A Dunedin man who tried to get back at his ex-girlfriend by torching her car made one obvious mistake, a court has heard.

The Toyota station wagon Michael Shane McFadyen, 27, set fire to actually belonged to the woman's mother.

The defendant had seen his former partner driving it and assumed it belonged to her.

McFadyen was sentenced to seven months' home detention when he was sentenced in the Dunedin District Court yesterday on the arson charge.


He and his friend Dylan Grant Woodley, 25, were talking about the failed relationship on the night of July 14 when they came up with the plan.

Woodley offered to set the vehicle alight, the court heard.

"Make it go boom," he said.

The pair bought petrol at a South Dunedin service station, before continuing to the victim's home in Abbotsford.

Judge Michael Crosbie said the actions were obviously premeditated.

Woodley filled an ice cream container with fuel, soaked a rag in it and put it under the engine. He ignited the rag and ran back to the car where McFadyen was waiting.

The bungled attempt at retribution was spotted by a member of the public, who called the fire service.

A passing motorist stopped to extinguish the blaze.

The Toyota was left with a burned front grille and damage to the bumper and radiator, police said.

The victim was particularly stung because McFadyen had previously stayed at her home and she had been kind to him in the past, she said.

The woman wrote in a statement that the defendant may have been justifiably upset with his daughter but was "disgusted" by his attempt at payback.

"A person's car is next to their home as probably the asset that people rely on most," Judge Michael Crosbie said.

"It's an asset when torched or burned ... leads to huge inconvenience."

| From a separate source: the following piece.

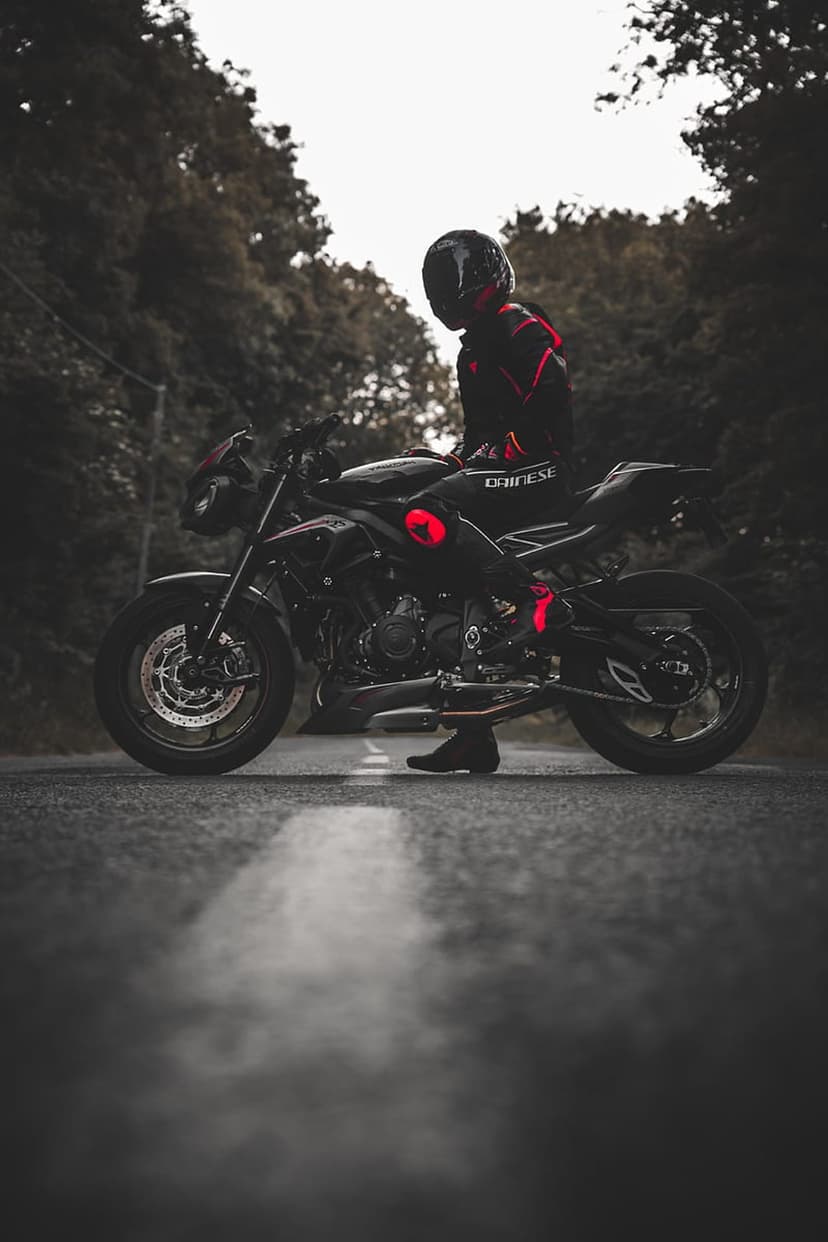 Motorcyclist in a Dainese suit sits on a black sportbike with red accents on a forest road under overcast skies.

Defence counsel Brian Kilkelly said his client now realised his actions were "quite unacceptable and appalling".

The judge accepted the defendant was now medicated for his mental health issues and held down a job.

If he received a positive report in three and a-half months, the judge said, he would convert the remainder of McFadyen's sentence to community detention and community work.

The defendant was ordered to pay the victim $750 for the emotional harm caused.

Woodley was sentenced in February to a year's imprisonment.